Question 2:  The Integration Agreement

  1. The question formulated by the defendants was whether, assuming that the Integration Agreement existed, it ceased to have force and effect on about 1 July 2010. The underlying contention of the defendants was that by virtue of s 429, the benefit and burden of the agreement vested in RQL, with the consequence that the agreement ceased to exist. On the application, the defendants also submitted that no agreement was formed, because the pleaded offer and the pleaded acceptance did not correspond.
  1. For the plaintiffs, it was orally submitted that there was correspondence between the pleaded offer and the pleaded acceptance. They submitted that the potentially relevant provision of s 429 is subsection (1)(b); but that properly construed, it did not apply to the Integration Agreement.
  1. The manner in which the statement of claim pleads the formation of the Integration Agreement is not beyond criticism. Thus it pleads oral representations by the second defendant (in paragraph 7); an interpretation of those representations (in paragraph 7A); and that the representations so interpreted constituted an offer incorporating the representations as interpreted, as things promised if QHRL agreed to the integration (in paragraph 7B). It pleads that this offer was made by the second defendant on his own behalf or alternatively on behalf of RQL (at a time prior to its incorporation). It later pleads that Mr Lette, director, class B shareholder and Chairman of the first defendant, informed the Minister that QHRL supported the proposal to create a single control body. It pleads that this amounted to acceptance of the offer; and, in the same paragraph (paragraph 23), terms of the agreement, some of which are not easily related to the offer.
  1. In those circumstances, it seems to me the pleading of the agreement is unsatisfactory. Part of the difficulty arises from the fact that paragraphs in the pleading contain multiple allegations (see r 146(1)(f) of the UCPR). Moreover, the pleading suggests that there is an act which amounts to the acceptance of the offer; but then alleges that the resulting agreement includes terms not pleaded as part of the offer, without the identification of any legally appropriate basis for doing so.
  1. Accordingly, it seems to me that the allegations which relate to the making of the Integration Agreement should be struck out; but I consider that there is some prospect that the plaintiffs could plead the making of the agreement in a way which avoids these difficulties. However, it remains necessary to consider the effect of s 429 of the Racing Act.
  1. Section 429 of the Racing Act is as follows:

429 Assets and liabilities etc.

(1) On the commencement—

(a) anything that was an asset or liability of a former control body immediately before the commencement becomes an asset or liability of the new control body; and

(b) an agreement or arrangement in force immediately before the commencement between a former control body and another entity is taken to be an agreement or arrangement between the new control body and the other entity; and

(c) any property that was, immediately before the commencement, held by a former control body on trust or subject to conditions continues to be held by the new control body on the same trusts or subject to the same conditions.

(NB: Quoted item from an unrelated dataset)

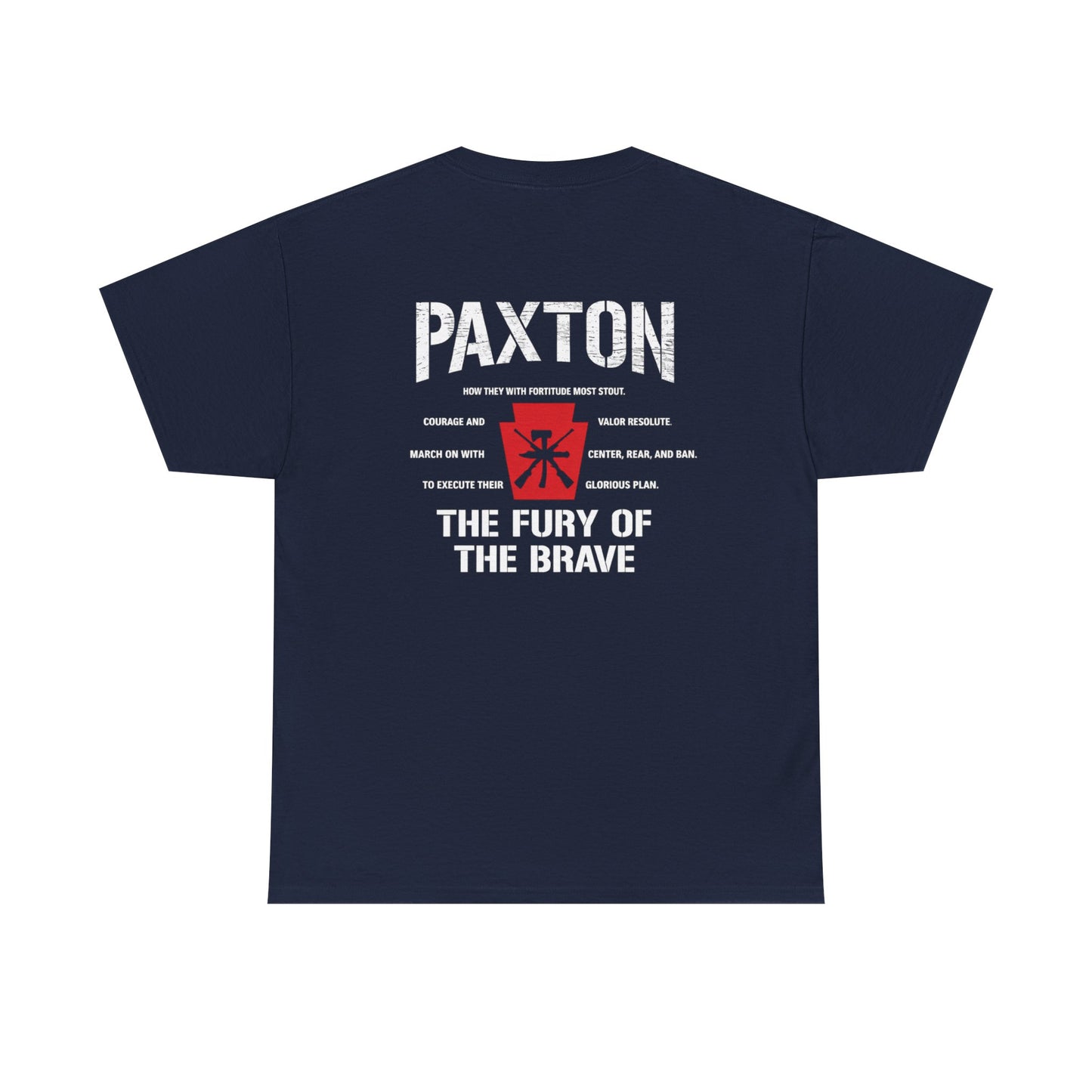 Fury of the Brave Tee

(2) The registrar of titles or other person responsible for keeping a register for dealings in property must, if asked by the new control body, record the vesting of property under this section in the new control body.

  1. The defendants’ submissions depend upon an extension of what was described by Millett LJ as the “two-party rule”, namely, that a person cannot make a contract with himself or herself.[8]  It is inherent in the defendants’ submissions that this rule has the consequence that, where a contract is made between two parties, and the rights and obligations of one under the contract are assigned to and taken on by the other, there ceases to be an effective contract.  The plaintiffs have not challenged that proposition.
  1. The effect of the plaintiffs’ submissions is that s 429 does not affect the Integration Agreement. They submitted that paragraph (1)(b) of the section is the paragraph dealing with contracts; and paragraph 1(a) deals with other rights and obligations; for otherwise paragraph (1)(b) would add nothing to paragraph (1)(a). They then submitted that paragraph (1)(b), making reference to “the new control body” as well as “another entity” and “the other entity”, is directed to agreements and arrangements other than an agreement or arrangement between RQL and a former control body. More generally, they submitted it was not part of the purpose for which s 429 was enacted, to affect an agreement between a former control body and RQL. They referred to s 430, which (as has been seen) contains some recognition of an agreement such as the Integration Agreement.
  1. For the defendants, it was submitted that paragraph (1)(b) applied to the Integration Agreement. It was also submitted that paragraph (1)(a) applied to that agreement, relying on the definition of “asset” found in s 36 of the Acts Interpretation Act 1954 (Qld).  That definition includes all types of property, which is defined in the same section to include things in action.  It was then submitted that paragraph 1(b) nevertheless had a function to perform, namely, specifying the parties to an agreement or an arrangement to which a former control body had been a party prior to the 2010 Amendment.  It was submitted that the purpose of s 429 and related provisions of the 2010 Amendment was to achieve a seamless and complete transition of assets and liabilities from the former control bodies to RQL. 
  1. It seems to me that a purpose of s 429, apparent from its terms, is to preserve existing rights, obligations and agreements of a former control body. The position for which the defendants contended seems to me to be contrary to that purpose. Moreover, if a contractual right is to be destroyed by a statute, I am inclined to think that that intention should be clearly expressed in the statute.[9]  There is also some support for the plaintiffs’ submissions to be found in s 430.  There would seem to me to be some discord, rather than harmony, between a provision of a statute which allows directors to make an agreement, and a provision of the same statute which destroys such an agreement.  Acceptance of the plaintiffs’ submissions does not seem to me to be inconsistent with the general conferral of powers and discretions on RQL by other provisions of the Racing Act.  As has been seen, the Act preserves previously made agreements and arrangements.
  1. In my view, s 429 of the Racing Act does not have the effect that the Integration Agreement (assuming its prior existence) ceased to be operative.    

Conclusion

  1. I would answer questions 2, 3 and 4 in the negative.
  1. I would answer question 5 as follows:

“The raising and the agitation at trial of the issues relating to a cause of action based upon s 52 of the Trade Practices Act 1974 (Cth) is precluded by s 8 of the Parliament of Queensland Act 2001 (Qld).”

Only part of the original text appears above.